About Me
Pronouns: She/her/hers
I am currently a postdoctoral fellow at the Kavli Institute of Theoretical Physics located on UC Santa Barbara’s campus.
My research focuses on exploring the intersection of theoretical particle physics, machine learning, and mathematics. Connections between these disciplines have the potential to advance our understanding of the fundamental universe by allowing us to more efficiently search for beyond the standard model particles and improve the way we do theoretical calculations. These connections also have the potential to advance our understanding of neural networks, making machine learning methods more reliable and interpretable. Goals which have been highlighted in recent funding calls by the NSF, DOE, and PCAST. Moreover, historical efforts at the interface of machine learning and physics culminated in the recent 2024 Nobel Prize in Physics, underscoring machine learning’s growing significance across scientific fields.
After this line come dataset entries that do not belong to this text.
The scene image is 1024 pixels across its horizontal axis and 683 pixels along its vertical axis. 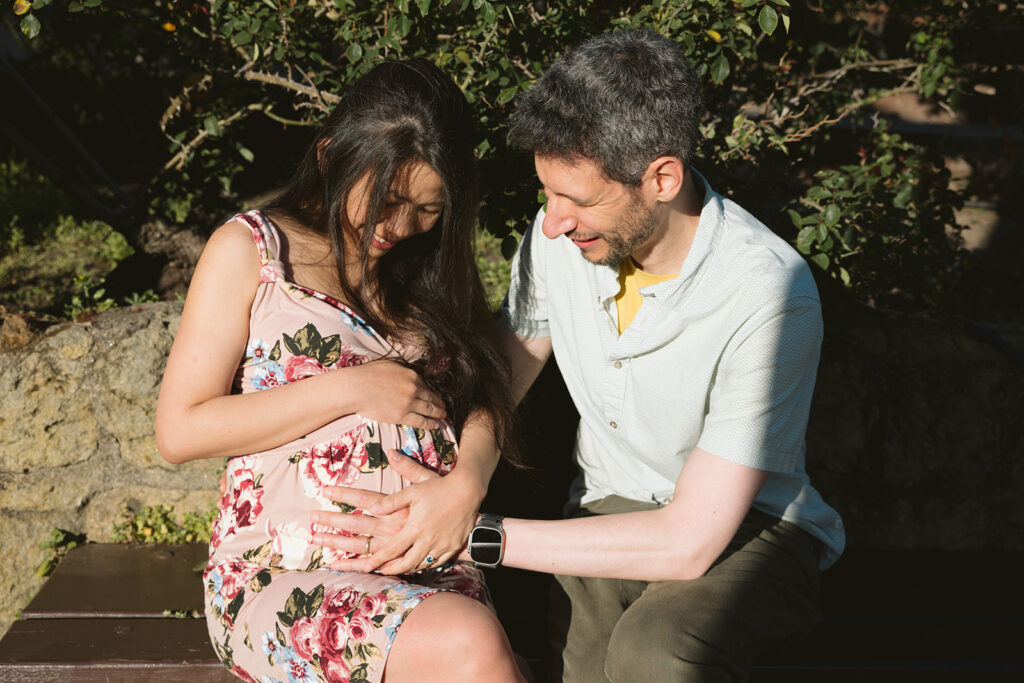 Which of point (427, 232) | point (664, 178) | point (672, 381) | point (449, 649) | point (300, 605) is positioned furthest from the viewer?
point (427, 232)

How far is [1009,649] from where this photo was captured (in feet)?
8.49

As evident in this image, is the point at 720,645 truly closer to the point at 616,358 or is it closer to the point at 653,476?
the point at 653,476

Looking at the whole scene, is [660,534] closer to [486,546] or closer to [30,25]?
[486,546]

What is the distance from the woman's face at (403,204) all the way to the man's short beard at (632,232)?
46 cm

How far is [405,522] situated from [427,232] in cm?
92

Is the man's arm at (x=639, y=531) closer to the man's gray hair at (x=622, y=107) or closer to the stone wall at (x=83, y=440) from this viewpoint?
the man's gray hair at (x=622, y=107)

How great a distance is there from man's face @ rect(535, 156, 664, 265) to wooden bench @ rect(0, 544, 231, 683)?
5.11 ft

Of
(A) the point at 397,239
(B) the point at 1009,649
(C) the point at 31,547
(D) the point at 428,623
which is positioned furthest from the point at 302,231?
(B) the point at 1009,649

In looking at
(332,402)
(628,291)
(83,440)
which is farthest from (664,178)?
(83,440)

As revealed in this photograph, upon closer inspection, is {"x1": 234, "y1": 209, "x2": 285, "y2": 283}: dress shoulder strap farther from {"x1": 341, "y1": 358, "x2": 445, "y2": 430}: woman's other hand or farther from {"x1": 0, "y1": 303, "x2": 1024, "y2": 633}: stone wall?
{"x1": 0, "y1": 303, "x2": 1024, "y2": 633}: stone wall

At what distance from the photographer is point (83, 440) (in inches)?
116

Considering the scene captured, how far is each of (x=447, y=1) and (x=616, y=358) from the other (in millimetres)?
1090

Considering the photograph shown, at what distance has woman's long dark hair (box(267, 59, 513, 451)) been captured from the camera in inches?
82.0

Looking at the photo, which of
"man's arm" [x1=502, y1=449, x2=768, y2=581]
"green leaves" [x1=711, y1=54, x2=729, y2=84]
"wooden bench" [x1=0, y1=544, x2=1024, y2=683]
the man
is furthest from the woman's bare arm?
"green leaves" [x1=711, y1=54, x2=729, y2=84] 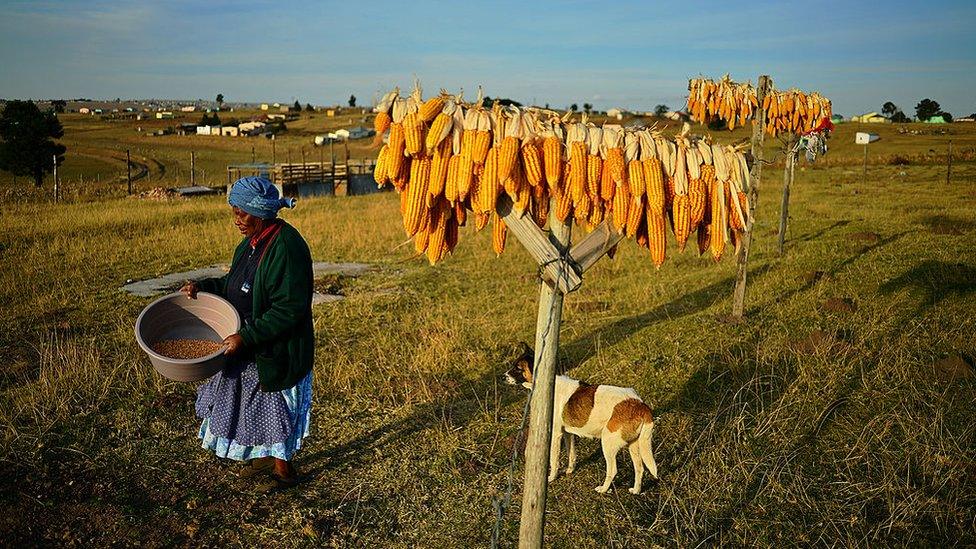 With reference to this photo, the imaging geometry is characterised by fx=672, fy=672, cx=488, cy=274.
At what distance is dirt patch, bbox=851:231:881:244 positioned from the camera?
43.7 feet

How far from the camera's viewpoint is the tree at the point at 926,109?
8606 centimetres

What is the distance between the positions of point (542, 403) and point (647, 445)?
1.56m

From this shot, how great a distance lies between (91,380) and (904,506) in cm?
642

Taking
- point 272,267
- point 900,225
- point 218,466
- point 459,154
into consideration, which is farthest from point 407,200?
point 900,225

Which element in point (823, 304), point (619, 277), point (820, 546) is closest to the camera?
point (820, 546)

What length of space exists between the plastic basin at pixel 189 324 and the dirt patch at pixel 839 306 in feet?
24.2

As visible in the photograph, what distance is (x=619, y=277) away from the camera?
11.8 m

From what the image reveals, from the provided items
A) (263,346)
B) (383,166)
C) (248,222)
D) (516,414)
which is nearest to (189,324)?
(263,346)

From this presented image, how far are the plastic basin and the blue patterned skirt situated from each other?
1.03 ft

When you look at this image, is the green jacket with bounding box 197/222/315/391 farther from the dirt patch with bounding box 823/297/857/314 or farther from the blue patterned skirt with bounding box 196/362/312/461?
the dirt patch with bounding box 823/297/857/314

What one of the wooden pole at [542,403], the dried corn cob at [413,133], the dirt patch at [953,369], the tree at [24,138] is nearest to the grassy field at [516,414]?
the dirt patch at [953,369]

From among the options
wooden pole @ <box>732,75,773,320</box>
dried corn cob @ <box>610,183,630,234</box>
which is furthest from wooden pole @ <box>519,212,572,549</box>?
wooden pole @ <box>732,75,773,320</box>

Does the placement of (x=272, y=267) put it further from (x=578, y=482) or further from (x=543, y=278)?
(x=578, y=482)

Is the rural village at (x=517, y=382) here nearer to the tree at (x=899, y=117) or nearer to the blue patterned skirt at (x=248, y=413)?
the blue patterned skirt at (x=248, y=413) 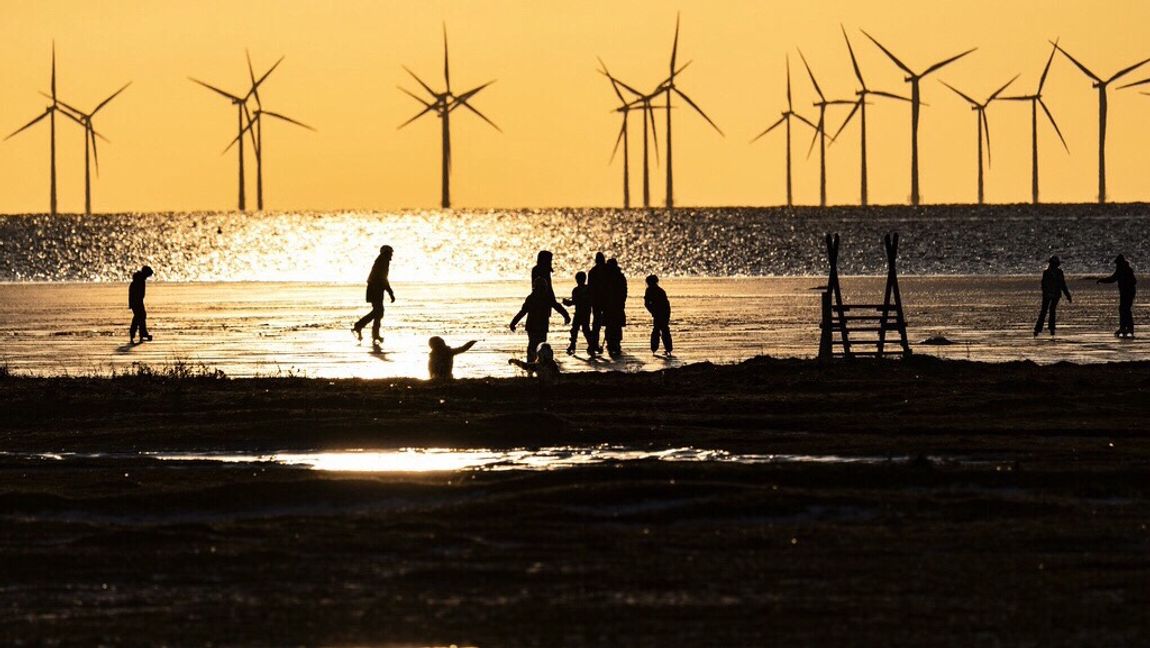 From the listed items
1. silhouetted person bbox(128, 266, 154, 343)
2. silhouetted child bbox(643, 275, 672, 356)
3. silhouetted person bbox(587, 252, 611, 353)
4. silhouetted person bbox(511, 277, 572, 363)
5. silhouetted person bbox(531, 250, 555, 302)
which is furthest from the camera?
silhouetted person bbox(128, 266, 154, 343)

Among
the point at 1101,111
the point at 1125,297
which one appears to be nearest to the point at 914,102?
the point at 1101,111

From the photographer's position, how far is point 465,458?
21406mm

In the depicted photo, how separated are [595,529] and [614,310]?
20.8m

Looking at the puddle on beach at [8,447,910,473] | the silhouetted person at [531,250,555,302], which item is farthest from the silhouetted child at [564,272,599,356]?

My research interests thus far have taken me on a tour around the UCs. I received my PhD from UC Irvine in 2022 under the co-supervision of Tim Tait and Daniel Whiteson. Before that I was an undergraduate student at UC Davis, where I worked with John Conway on machine learning applications in the CMS experiment. And my first research experience was working with Daniel Cebra and Manuel Calderón de la Barca Sanchez who study relativistic heavy ion physics at STAR and CMS.